Husband and wife chatting over Saturday morning breakfast: "Remind me of your plans for today." "Well, I made an oral commitment to mow the lawn. Then I orally committed to trimming the hedges after lunch. But I saw that the forecast called for afternoon rain, so I decommitted to that and made an oral commitment to tidy up the attic."

Husband and wife chatting over Saturday morning breakfast:

"Remind me of your plans for today."

"Well, I made an oral commitment to mow the lawn. Then I orally committed to trimming the hedges after lunch. But I saw that the forecast called for afternoon rain, so I decommitted to that and made an oral commitment to tidy up the attic."

Can you imagine such a conversation?

Of course not.

No one talks that way, unless the subjects are high school athletes and recruiting.

Athlete makes an oral commitment to a college.

Athlete orally commits.

Athlete decommits.

Ugly.

Uglier.

Ugliest.

It doesn't stop there. Nowadays, when a high school athlete commits to a college, he becomes a "commit" - as in a Penn State commit or a Rutgers commit.
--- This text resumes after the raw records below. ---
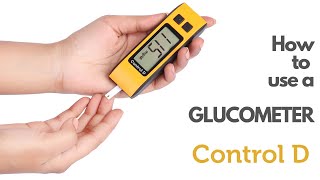 Control D Advanced Glucometer and Blood Test Strips  How to use Blood Sugar Checking Monitor [upl. by Niltag31]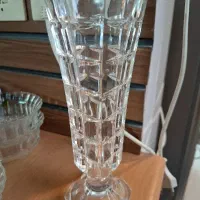 گلدان کریستال قدیمی و سنگین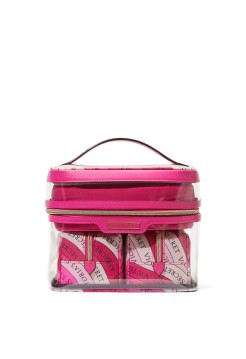  Набор косметичек 4-in-1 Train Case Beauty Bag Set Pink Swirl
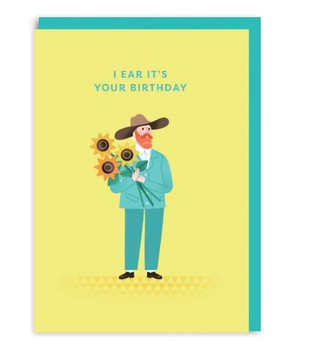 Ohh Deer - Van Gogh Ear Birthday Card - ODGC8897
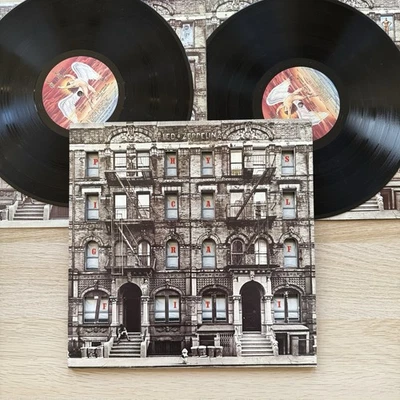 Led Zeppelin ‎Physical Graffiti 1975 OG US Press Swan 2LP Complete W/Sleeves! - Imagem 1 de 4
The rest of us promise to do something, or say we're going to do something, or even announce that we're going to do something. We don't orally commit to anything.

Likewise, we don't decommit. We change our minds. We renege on a promise.

When Douglas MacArthur was ordered to leave the Philippines in 1942, he didn't say, "I make an oral commitment to return."

When Brett Favre decided to come back to the Packers in 2008 and then sign with the Vikings the next year, neither time did he say that he had decommitted to retirement.

No one hops on a train to New York to see the musical Oral Commitments, Oral Commitments! (Note to the non-thespian: Promises, Promises! recently reopened on Broadway.)

When actress/singer Hilary Duff and NHL player Mike Comrie got engaged earlier this year, no reports said that they had orally committed to each other, or that they had made an oral commitment to get married.

And unless I missed it, no one has called Comrie a Hilary Duff commit, either.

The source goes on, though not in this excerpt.